INSTRUCTIONS TO FOLLOW: Pictures must not appear in the copy. Reproduce exactly, and only, the lines from the one with "Light Green Supernet" through the end of the data below.

STORED DATA:
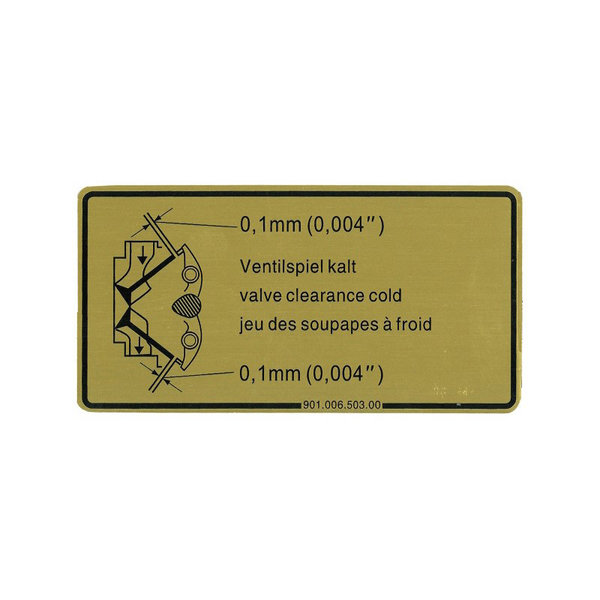 Sticker, adjustment valve clearance (Porsche 911 - 1970-1994 / Porsche 911/912 - 1965-1969 / Porsche 914 - 1970-1976)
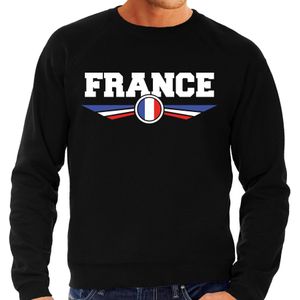 Frankrijk / France landen sweater met Franse vlag - zwart - heren - landen sweater / kleding - EK / WK / Olympische spelen outfit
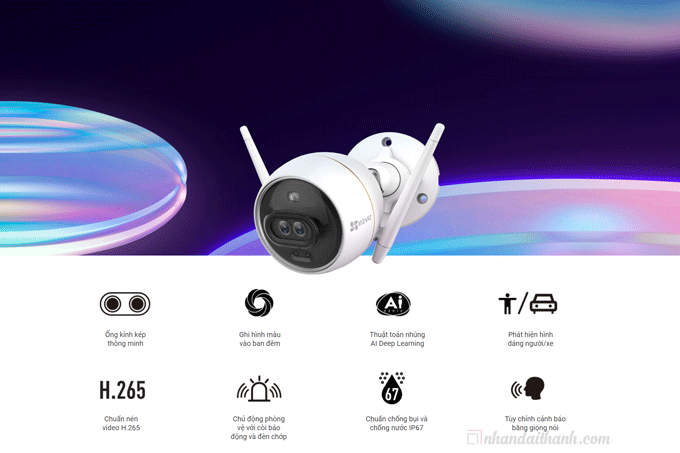Camera ngoài trời IP wifi EZVIZ CS-CV310 (C3-6B22WFR)-C3X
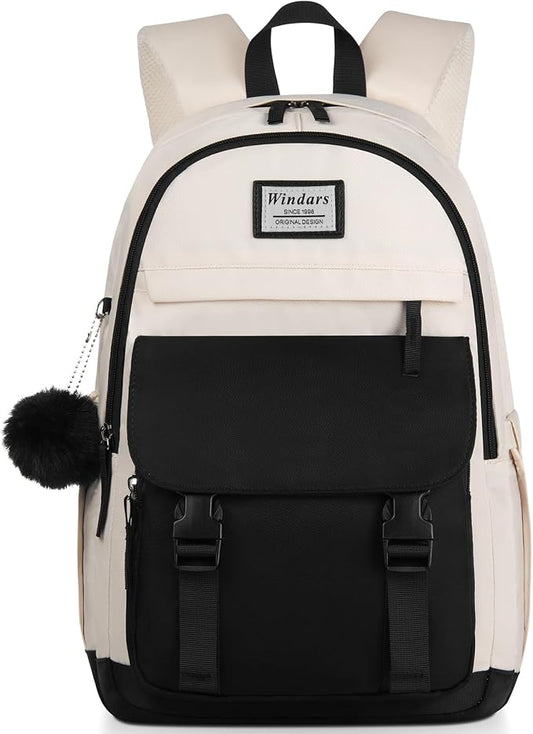 WINDARS School Backpack for Teen Girls, Cute College Backpacks for Women Students Aesthetic Bookbag Large 17.3 Inch Laptop Bag Middle School Travel Back Pack (Black Beige)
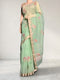 Light Green Supernet Cotton Embroidered Saree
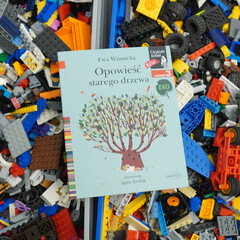 Obraz premium Children's book about an old tree on a colorful background of toy blocks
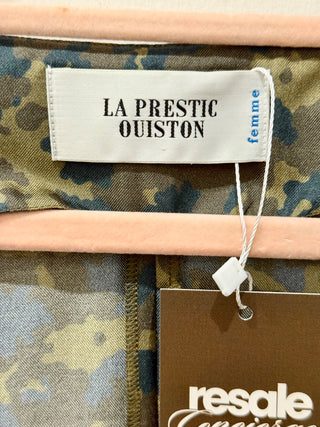 La Prestic Ouiston 100% Silk V-Neck Camo Print Mini Dress Green Women's 3 / L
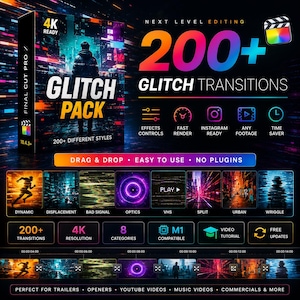 Puede incluir: Gráfico promocional para un "Glitch Pack" para edición de vídeo, con un diseño oscuro y futurista. La imagen destaca "200+ Glitch Transitions", resolución 4K y compatibilidad con Final Cut Pro X. Incluye el texto "Drag & Drop - Easy to Use - No Plugins".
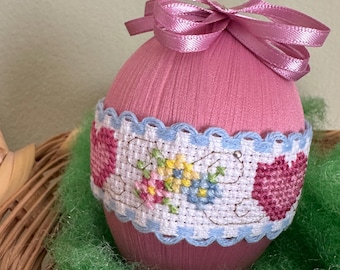 Vintage Easter Egg Ornament | Rose Thread Wrapped Egg | Heart Cross Stitch Egg | Floral Motif Egg | Cottagecore Spring Decor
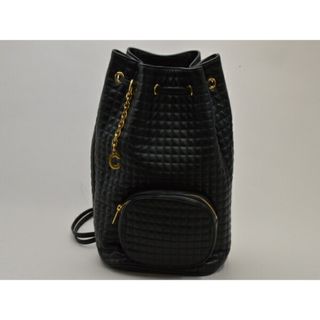 セリーヌ(celine)のセリーヌ CELINE リュックサック/バックパック/バッグ レザー キルティング S-PB-0119 黒 ゴールド金具 レディース su_p e_u F-YA600(リュック/バックパック)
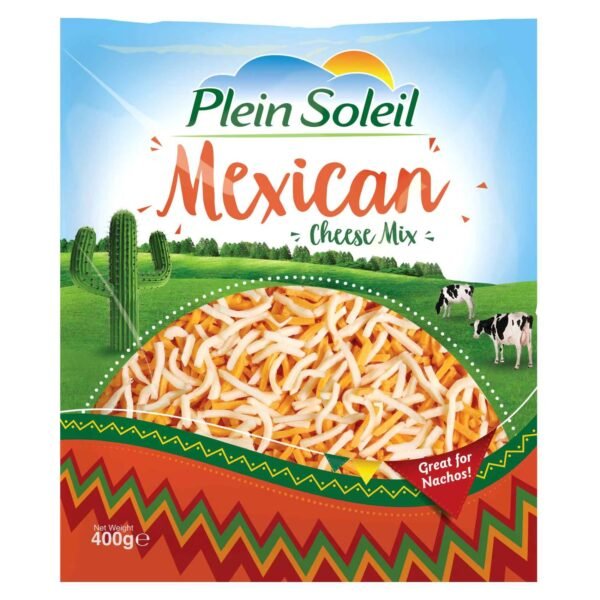 Close-up of rich and flavorful Plein Soleil Shredded Mexican Cheese Mix on a pizza.
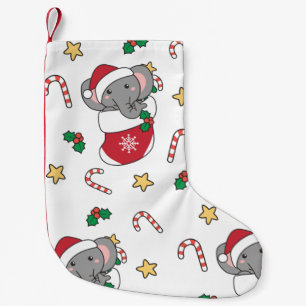 Petite Chaussette De Noël Eléphant Noël Neige Hiver Animaux Eléphants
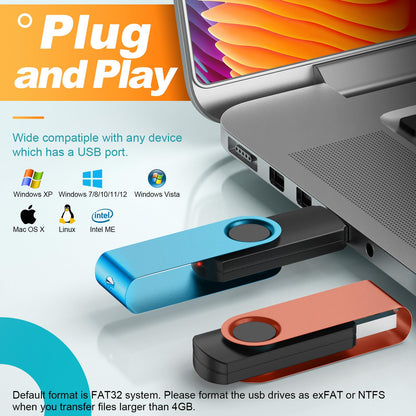 Kepmem 16GB USB 3.0 Multipack - 10pcs Thumb Drives, Metal, Swivel, Zip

EXERCISE OUTPUT:
 Light Green Supernet Cotton Embroidered Saree
 Obraz premium Children's book about an old tree on a colorful background of toy blocks
 La Prestic Ouiston 100% Silk V-Neck Camo Print Mini Dress Green Women's 3 / L
 Puede incluir: Gráfico promocional para un "Glitch Pack" para edición de vídeo, con un diseño oscuro y futurista. La imagen destaca "200+ Glitch Transitions", resolución 4K y compatibilidad con Final Cut Pro X. Incluye el texto "Drag & Drop - Easy to Use - No Plugins".
 Vintage Easter Egg Ornament | Rose Thread Wrapped Egg | Heart Cross Stitch Egg | Floral Motif Egg | Cottagecore Spring Decor
 セリーヌ(celine)のセリーヌ CELINE リュックサック/バックパック/バッグ レザー キルティング S-PB-0119 黒 ゴールド金具 レディース su_p e_u F-YA600(リュック/バックパック)
 Close-up of rich and flavorful Plein Soleil Shredded Mexican Cheese Mix on a pizza.
 Petite Chaussette De Noël Eléphant Noël Neige Hiver Animaux Eléphants
 Kepmem 16GB USB 3.0 Multipack - 10pcs Thumb Drives, Metal, Swivel, Zip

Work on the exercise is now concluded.